Intanto registriamo il bilancio dei primi dieci giorni di guerra che contabilizza quasi 150 morti e oltre 600 feriti, quasi 20 mila sfollati e migliaia di libici e di migranti rinchiusi nei centri di detenzione vicini alla capitale bloccati dagli scontri a fuoco e dai bombardamenti aerei. Proprio sbandierando la possibilità della fuga dalla guerra di 800 mila migranti e libici verso le sponde europee il premier Serraj ha chiesto l'intervento delle comunità internazionale contro l'avversario di Tobruk e ha spedito il suo vicepremier Ahmed Maitig a Roma per chiedere aiuto all'Italia e agli Stati Uniti.

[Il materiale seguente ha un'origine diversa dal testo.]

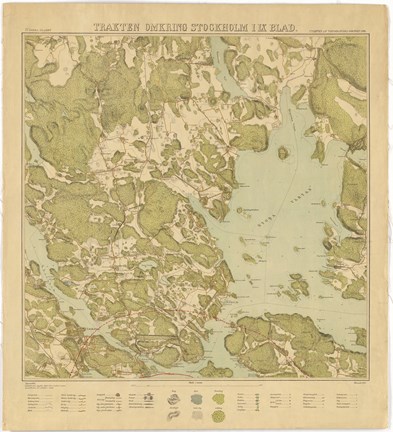 Tryck i färg, med skog i grönt, vatten i blått och förklaring med bilder över symboler och streckningar under kartbilden.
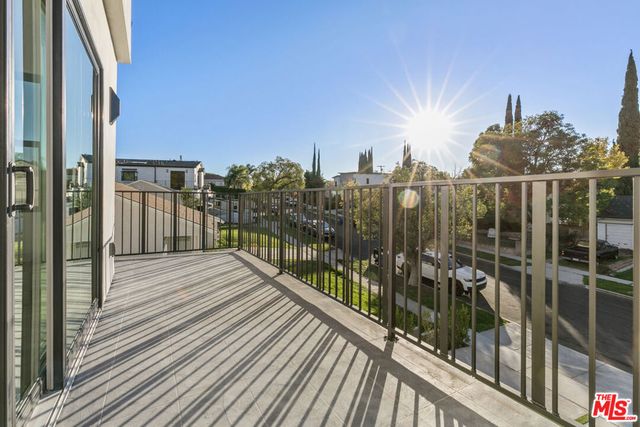 5152 Etiwanda Avenue, Tarzana, CA 91356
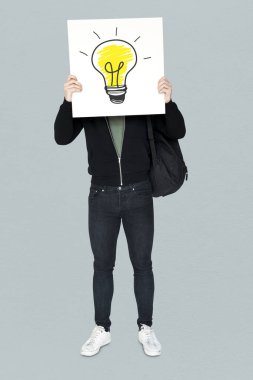 Ampul ile banner tutan adam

L'imperialismo italiano lo appoggia per difendere il proprio ruolo da protagonista nel Mediterraneo centrale e nella crisi libica, un ruolo riconosciutogli da Trump, e nel controllo di parte delle sue fonti energetiche contese dal rivale galletto imperialista francese. Conte sottolineava durante la sua informativa alla Camera sulla Libia dell'11 aprile che “oggettivamente siamo tra i pochi paesi che possiamo credibilmente interloquire con tutti i principali attori della scena libica”. A dire il vero il patentino di credibilità glielo ha dato e riconosciuto solo l'imperialismo americano ma tanto bastava a Conte per prendere di petto la questione e dare il via al giro di incontri a Roma dal vice di Serraj ai rappresentanti di paesi che lo riconoscono, a partire dal vicepremier del Qatar, ma anche con inviati di Haftar e dei paesi che lo appoggiano, dall'Arabia saudita all'Egitto. Il primo obiettivo dichiarato da Conte per iniziare a disinnescare la mina libica è la paura di una nuova ondata di profughi verso l'Italia e l'Europa, alimentati dalle bombe e dalle trame dei paesi imperialisti europei, protagonisti non secondari della guerra civile libica.

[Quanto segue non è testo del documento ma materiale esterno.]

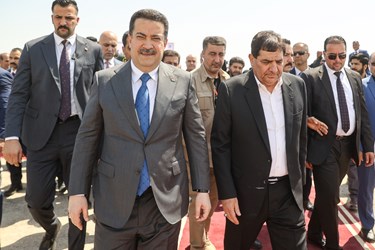 محمد شیاع السودانی نخست وزیر عراق و محمد مخبر معاون اول رئیس جمهور در مراسم آغاز عملیات اجرایی ۳۲ کیلومتر راه آهن شلمچه تا بصره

In parallelo al capo del governo anche il vice Matteo Salvini, che oramai veste i panni del ducetto in capo, ha lavorato in proprio. Incontrava il vicepresidente libico Maitig, dichiarava che “il blitz di Haftar è fallito e noi siamo al lavoro perché si fermino i missili” e teneva fermo il suo cavallo di battaglia fascista, razzista e xenofobo: porti chiusi ai migranti, anche quelli in fuga dalla guerra, e acque territoriali chiuse per le navi delle ong.

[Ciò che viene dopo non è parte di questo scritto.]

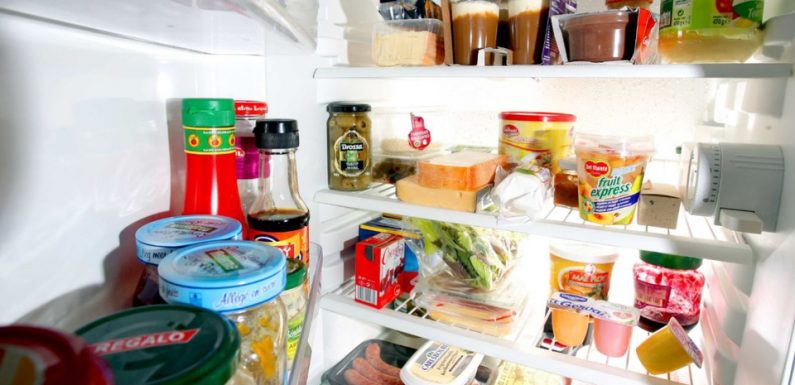 Viande, œufs, yaourts, biscuits… Quels produits périmés peut-on manger en toute sécurité?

Lo scorso 28 febbraio a Abu Dhabi, negli Emirati arabi, Serraj e Haftar avevano definito l'accordo per le elezioni entro la fine dell'anno ma mentre il capo del governo di Tripoli si recava in visita dai suoi protettori, il 10 marzo a Doha in Qatar dall’Emiro al-Thani e il 20 ad Ankara dal presidente turco Erdogan, il generale di Tobruk iniziava il 27 marzo, con la visita a Riad da re Salman, a passare in rassegna i suoi per avere il via libera all'atttacco. Che arrivava da Parigi e con i carri armati già in azione anche dal Cairo dal golpista egiziano al Sisi che il 14 aprile dichiarava a Haftar “il sostegno dell'Egitto negli sforzi per combattere il terrorismo e le milizie estremiste per raggiungere la sicurezza e la stabilità per i cittadini libici in tutto il paese”. Le stesse ragioni per le quali in passato lo ha finanziato e gli ha fornito mezzi militari
Se l'imperialismo americano stava formalmente alla finestra, quello russo si limitava a bloccare una risoluzione del Consiglio di Sicurezza dell'Onu che intimava ad Haftar di fermare la sua avanzata. La stessa risoluzione preparata dalla Ue era bloccata il 10 aprile dalla Francia. Conte girava a vuoto negli incontri romani. I governanti imperialisti sostenitori delle due fazioni in guerra non riescono ancora a trovare un accordo per stabilizzare la Libia e la guerra attorno a Tripoli continua.